A BLAME game has erupted over skyrocketing energy costs after a family business was forced to close due to a $180,000 bill— and the worst is yet to come.

Why do your power bills keep going up?

AUSTRALIANS are bracing for the first round of hefty power bills, after prices were hiked by as 20 per cent this month.

With families struggling and small businesses closing down under the financial strain, a blame game has begun over the source of the increase.

A plastics recycler in South Australia closed its doors in June, citing a crippling $180,000 monthly electricity bill as among the costs that prompted his “heartbreaking” decision to close the 38-year-old family business.

Business leaders in the state crippled by blackouts in late 2016 expect more closures to come as prices climb even higher, while pensioners across the country have expressed their fear of not being able to pay for heating over winter.

As the state’s Labor Government hatches a plan to build the world’s biggest lithium ion battery in partnership with billionaire Tesla chief executive Elon Musk, conservatives have hit out at climate change initiatives for adding to the cost of energy.

EnergyAustralia blamed a rise in wholesale prices following the closure of large coal-fired power stations, while Liberal MP Craig Kelly has singled out the $3 billion annual cost of renewable energy subsidies for the price hikes.

“That pushes up the price of electricity to the consumer,” Mr Kelly told ABC radio on Thursday, warning: “People will die.”

RENEWABLES ‘NOT TO BLAME’

But left-leaning think tank The Australia Institute countered with a study claiming to prove once and for all that renewables were not to blame for the price increases.

Instead, said study author Hugh Saddler, an energy economics expert from the Australian National University, the culprit is actually the domestic shortage of natural gas.

The report echoes the sentiments of climate change activist and former US Vice President Al Gore, who is in Australia this week for the Ecocity World Summit in Melbourne.

“Of course there’s a debate in Australia about the role played by natural gas being priced to the world price, and large exports now have driven up the price of gas, which may be the majority of the price increases,” Mr Gore told The Australian, while declaring that climate activists “are winning … [but] the remaining question is whether we will win it in time.”

WHAT’S GAS GOT TO DO WITH IT?

So why are gas prices impacting on electricity?

Although consumer may perceive them as being unrelated, gas is a back-up source of energy that is used to set the market price for electricity.

Because gas prices are now so high — two or three times their historical level — the wholesale price of electricity is rising.

The rise in domestic gas prices has been partly blamed on the increase in exports to lucrative markets overseas, and the power wielded by a so-called Australian “gas cartel”.

Dr Saddler said the reason why prices were particularly high in South Australia was that the state did not have the large, cheap coal resources of other states and was “completely lacking in significant hydro resources”, and that it relied on backup power generation from gas.

“There is absolutely no positive relationship between the share of wind generation in supply

and wholesale electricity prices in the state — in fact a negative correlation,” he wrote.

By contrast, he said, there was “a very strong positive correlation between wholesale gas prices and wholesale electricity prices” in the data analysed.

“It is therefore concluded that price increases in SA, and to a large extent in other states also,

are almost entirely the consequence of high wholesale gas prices.”

WHAT IT MEANS FOR THE NATION

Dr Saddler said the South Australian analysis could be used to explain electricity price hikes nationally, as it mirrored what happened in the market at large.

“A similar, though less stark effect is seen in the other mainland national energy market states.
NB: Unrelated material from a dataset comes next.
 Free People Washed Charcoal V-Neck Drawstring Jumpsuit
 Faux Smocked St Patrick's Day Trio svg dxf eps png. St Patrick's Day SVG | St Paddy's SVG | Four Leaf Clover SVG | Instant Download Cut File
This is not a malfunction of the market, but precisely how it was expected to operate,” he wrote, hitting out at “ill-informed commentators” eager to attack renewable energy generation.

“The launch of the market in 1998 was followed by a rush of construction of gas turbine power stations in Queensland, NSW and Victoria and even in Tasmania, accelerated in Queensland by a gas generation mandate policy introduced by the state Labor government,” he wrote.

“It was envisaged that both the much lower greenhouse gas emissions and the superior operational flexibility of these power stations compared with coal would make them ideally suited to supplying hour-to-hour and day-to-day variations in demand for electricity, while also reducing emissions, by using a then relatively low cost source of fuel.”

Dr Saddler predicted that South Australia’s “abundant wind and solar resources” would eliminate, and potentially reverse its status as the state with the highest energy costs “as the electricity system transitions to renewable generation”.